- Genre: Game Show
- Directed by: Jeff Goldstein
- Presented by: Fred Travalena
- Announcer: Johnny Gilbert
- Composer: Dennis McCarthy
- Country of origin: United States
- No. of seasons: 1
- No. of episodes: 150

Production
- Executive producers: David B. Fein Tracy Goss
- Producer: Eytan Keller
- Running time: 30 minutes
- Production companies: Bernstein/Hovis Productions Impact Studios Paramount Television

Original release
- Network: Syndicated
- Release: September 17, 1984 – August 1985

= Anything for Money =

American game show

Anything for Money is an American television game show where two contestants tried to predict the outcomes of situations in which cast members Christopher Callen and Ralph Harris attempted to coerce passers-by into participating in jokes, in exchange for increasing amounts of money.

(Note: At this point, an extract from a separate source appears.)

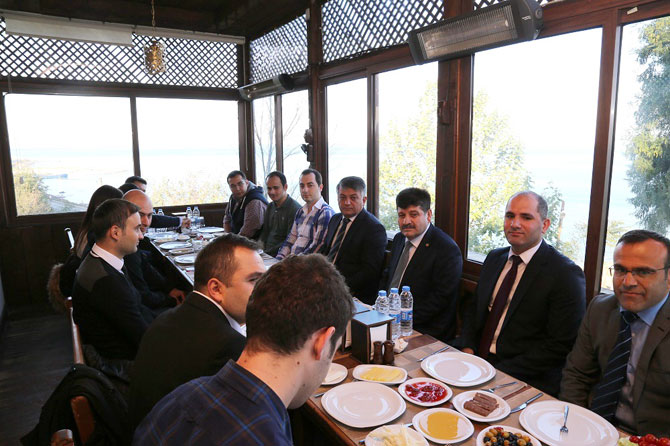 rize-afadin-teknik-personeli-vali-ersin-yazici-ile-kahvaltida-bir-araya-geldi-1.jpg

Fred Travalena hosted Anything for Money with Johnny Gilbert serving as announcer. The series was syndicated to stations to air as part of their daytime lineups and premiered on September 17, 1984. Originally slated to air twenty-two weeks of new episodes at first, an additional eight weeks were ordered over the course of the season and a total of 150 episodes aired before the show was cancelled. First-run episodes aired from the premiere until April 19, 1985, and reruns aired until sometime in August 1985. The show later aired on USA Network from 1986 until 1988.

The series was produced by Gary Bernstein and Larry Hovis, packaged by their production company Bernstein/Hovis Productions and Impact Studios, and distributed by Paramount Television.

==Rules==
Travalena would introduce clips and, once the premise of the prank was known, the contestants then guessed whether or not the participants would consent. Three rounds were played, with a correct guess worth $200 in round 1, $300 in round 2, and $500 in round 3.

The player with the most money after 3 rounds was the champ and received a bonus prize, besides their winnings. If the scores ended in a tie, both players received the bonus prize and became co-champs.

==Controversy==
Anything for Money was originally a concept developed by Ralph Andrews Productions in 1983. Gary Bernstein was working for the company during this time, and Andrews had an agreement with Columbia Pictures Television which gave Columbia first right of refusal for any Andrews-produced project between 1980 and 1986. Bernstein at the time was also partnering with actor Larry Hovis in his own venture. When Anything for Money was originally devised, CPT refused it outright. Andrews then advised Bernstein to go to Paramount and try and sell it to them, which he was successful in doing. A problem arose, however, because Bernstein said that he had owned the rights to the show and not Andrews. Paramount later picked up Anything for Money in 1984 and hired Bernstein and Hovis to produce it, thus causing Andrews to file a lawsuit against Paramount for taking his concept. Paramount won summary judgment in 1984, but after years of appeals, Andrews won a reversal in 1990.

This did not affect Andrews and Bernstein's relationship as colleagues, as the two production units later launched Yahtzee in 1988. However, that program was also mired in controversy that would lead to a lawsuit being filed by the latter.

==International versions==
An equally short-lived British version ran on Sky One from February 6, 1991, until September 28, 1992, hosted by Andrew O'Connor.

In 1991, SBT premiered a Brazilian version, Topa Tudo por Dinheiro, hosted by the network's founder and owner Silvio Santos.